# [Problem to work on]
All lines in the records below from the line with "上海今年退休人员春节补贴政策文件" through the line with "Bagaimana Berbicara dengan" are to be given again exactly, both ends included; the pictures are to be left out.

# [Short descriptive text snippets]
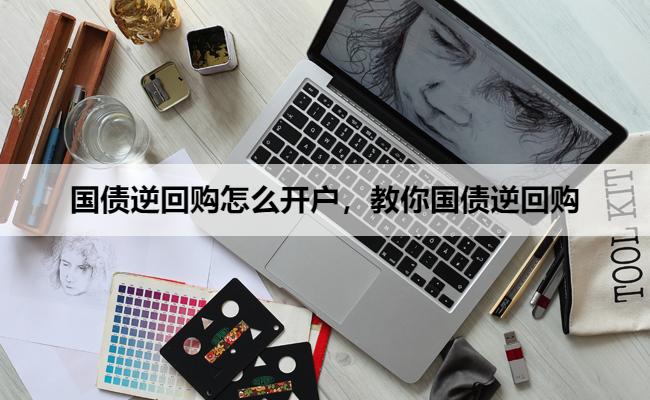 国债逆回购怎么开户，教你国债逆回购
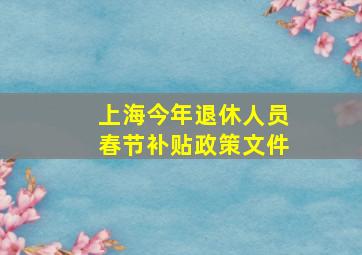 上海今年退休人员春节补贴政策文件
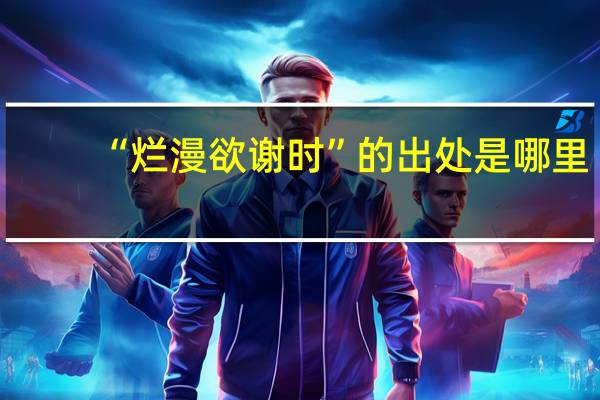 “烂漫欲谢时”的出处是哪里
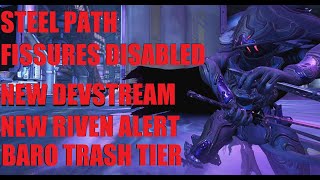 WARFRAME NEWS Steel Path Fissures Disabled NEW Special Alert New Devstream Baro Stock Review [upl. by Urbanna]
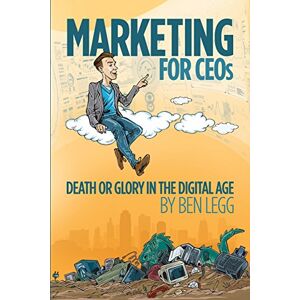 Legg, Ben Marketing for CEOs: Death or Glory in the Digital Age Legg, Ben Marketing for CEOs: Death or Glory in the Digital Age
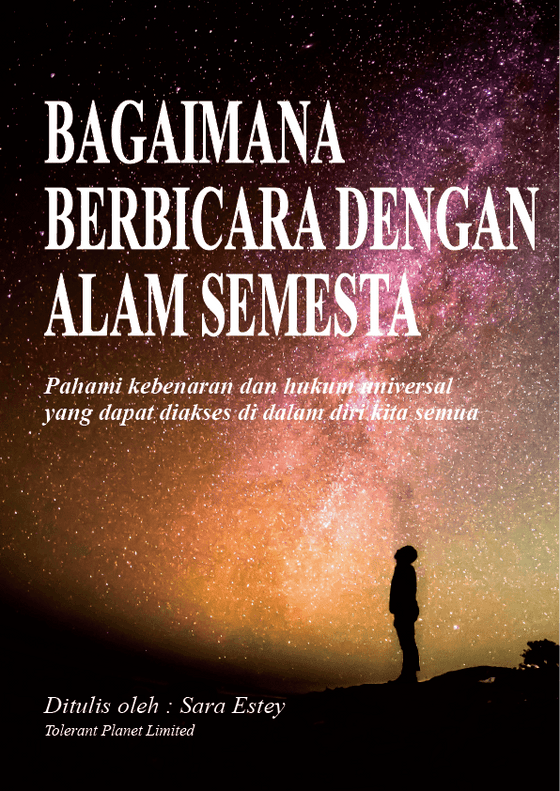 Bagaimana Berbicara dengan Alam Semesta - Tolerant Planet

---

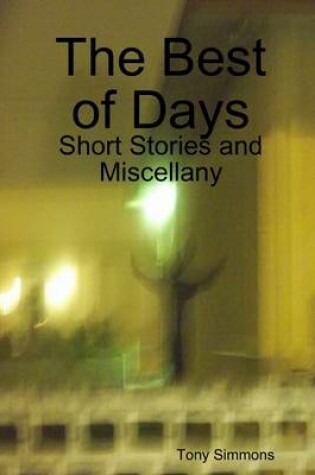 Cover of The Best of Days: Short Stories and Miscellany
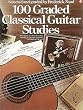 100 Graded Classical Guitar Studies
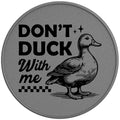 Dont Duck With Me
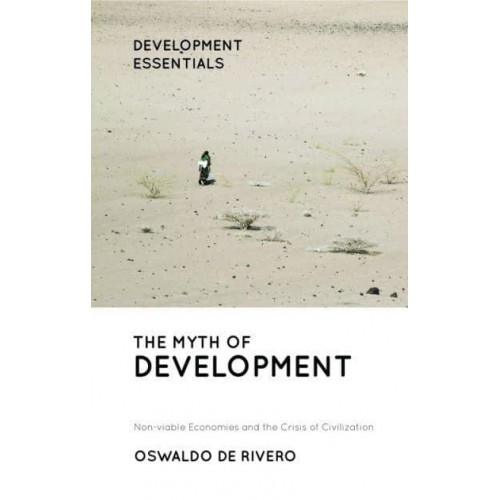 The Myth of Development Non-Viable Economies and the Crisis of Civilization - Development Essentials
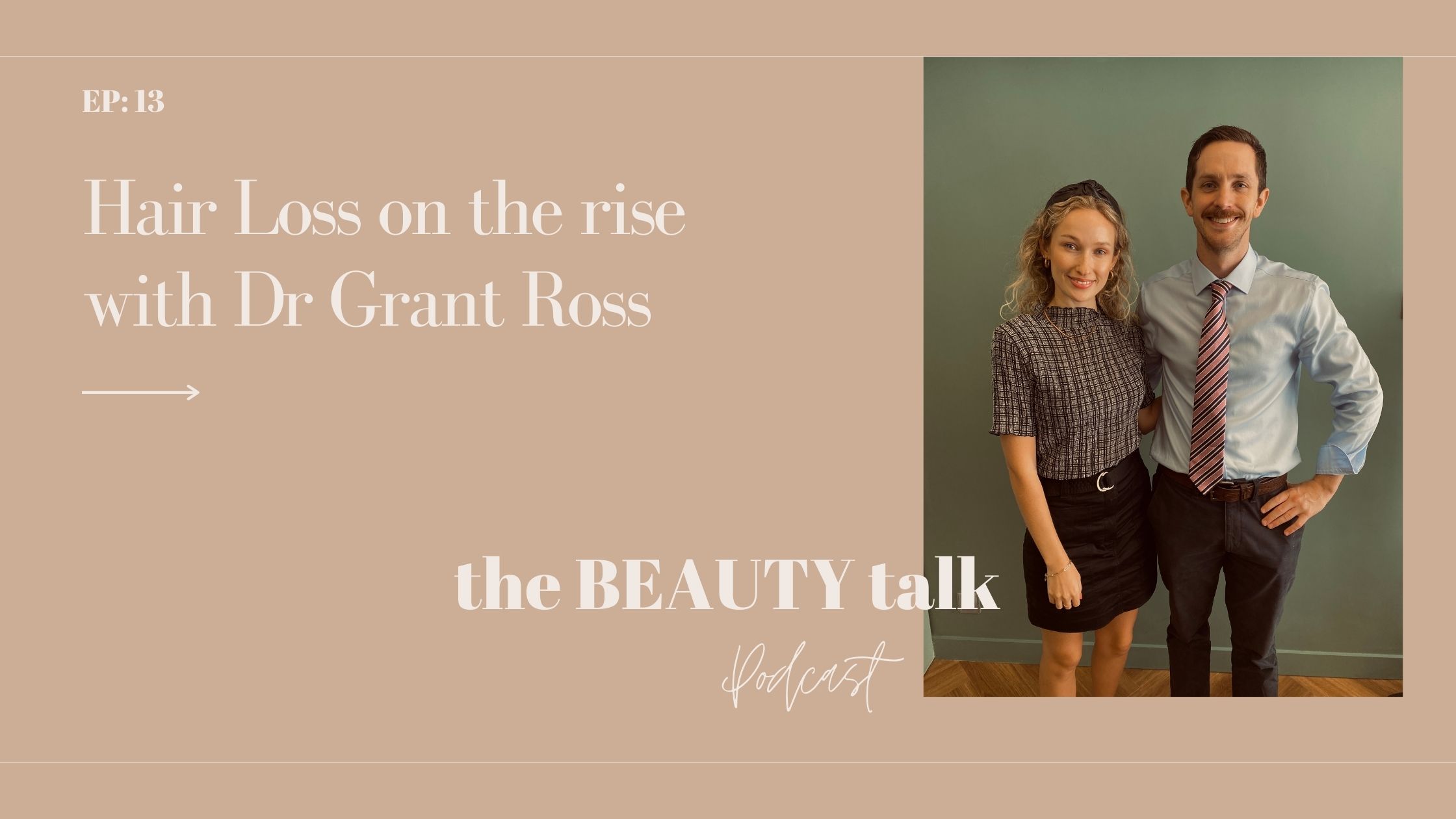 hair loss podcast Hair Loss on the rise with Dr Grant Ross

# [Exercise result]
 上海今年退休人员春节补贴政策文件
 “烂漫欲谢时”的出处是哪里
 WARFRAME NEWS Steel Path Fissures Disabled NEW Special Alert New Devstream Baro Stock Review [upl. by Urbanna]
 Legg, Ben Marketing for CEOs: Death or Glory in the Digital Age Legg, Ben Marketing for CEOs: Death or Glory in the Digital Age
 Bagaimana Berbicara dengan Alam Semesta - Tolerant Planet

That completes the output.